According to the EIU, China’s eastern seaboard is expected to enjoy significantly higher living standards, while the fastest growth through to 2019 is forecast in large inland cities, especially those along the Yangtze River delta.

“Under [President] Xi Jinping, we’ve seen financial sector liberalization moving quite well…but we don’t see much happening in reform of the state-owned sector, which the government has talked about a lot but doesn’t seem able to do much,” Ker said.

China also faces risks to its outlook, including overbuilding in its property market and oversupply in a range of industries, with even the hint of problems enough to rock global stock and commodity markets, he said.

India is forecast to overtake China as Asia’s fastest growing major economy this year, with GDP expected to rise from $1.9 trillion in 2013 to $4.2 trillion by 2018. However, GDP per capita will remain relatively low, rising from $1,556 to $3,250 over the same period, with the South Asian giant still home to around 40 percent of the world’s poorest people.

“[Indian Prime Minister Narendra] Modi has said an awful lot, and obviously has very big ambitions, but in terms of what he’s actually been doing probably the most important thing we’ve seen is the concept of devolving authority to the states and making them testing grounds for reform,” Ker said.

“There are exciting things being talked about, like nationwide VAT which would be hugely beneficial to the business environment. But on bigger reforms like land and labor, we may have to wait some time,” he said.
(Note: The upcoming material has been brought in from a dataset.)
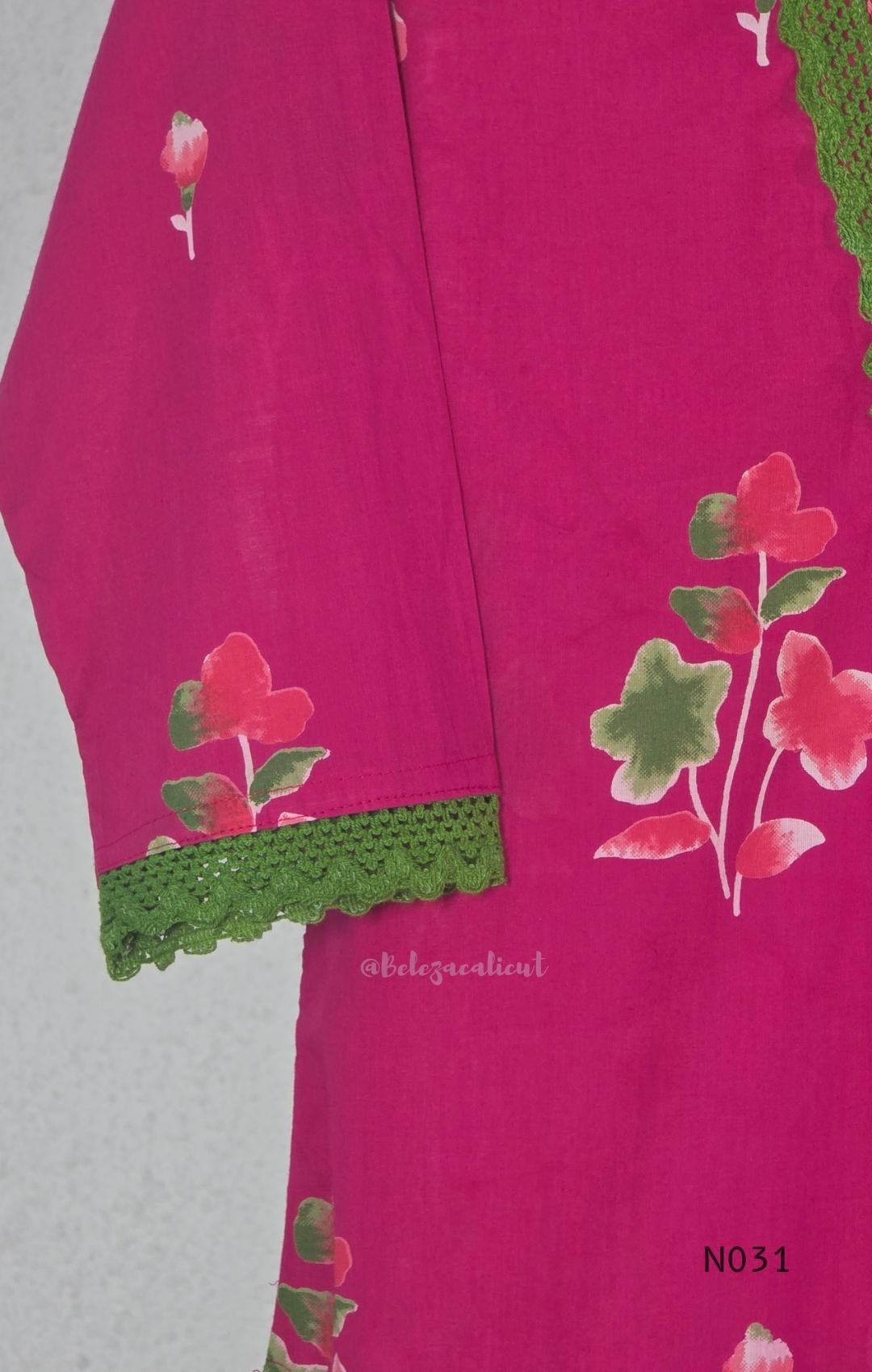 Pink cotton three-piece churidar set with floral print, green lace and embroidered neckline details, plain wide palazzo pants and a floral-border dupatta. - view 7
“Modi clearly has the intention of ruling for 10 years, which is a bold assumption in a country with a high turnover rate for incumbents. But he is looking at a long-term timescale, and the fact that things aren’t moving forward all at the same time is something we shouldn’t be too worried about, so long as that assumption that he gets re-elected is borne out.”

For the world’s third-biggest economy, Ker said Japan had made “huge moves” in stimulating its economy under Abenomics, but with more modest progress in areas such as labor market and corporate governance reform.

“But on the overall economic liberalization picture, we’re still waiting for the big bang. That might come as a result of the TPP [Trans-Pacific Partnership] talks. If that succeeds in opening up the economy, particularly the agriculture sector, we have some potential for significant reforms,” he said.

“The big concern with Japan is the fiscal picture continues to be a bit of a disaster and looming consolidation on that front may well prove to be problematic.”

Despite Asia’s relatively rosy picture, Ker pointed to some “old challenges” including conflict in the Afghanistan-Pakistan region, territorial disputes involving China and its neighbors, corruption and poor infrastructure outside the advanced economies. The feared “middle income trap” also remains an issue for South and Southeast Asia, requiring improvements in education and insitutional structures, he said.

However, he also pointed to “new opportunities” including China’s ‘One Belt, One Road’ infrastructure program, the AEC and the TPP, which if successful would be a “real ground shaker” in Asia, particularly if China joined.

Can Asia remain stronger for longer? While the United States continues its post-global financial crisis recovery, gloom in Europe and elsewhere has made Asia’s continued growth increasingly vital for a struggling world economy.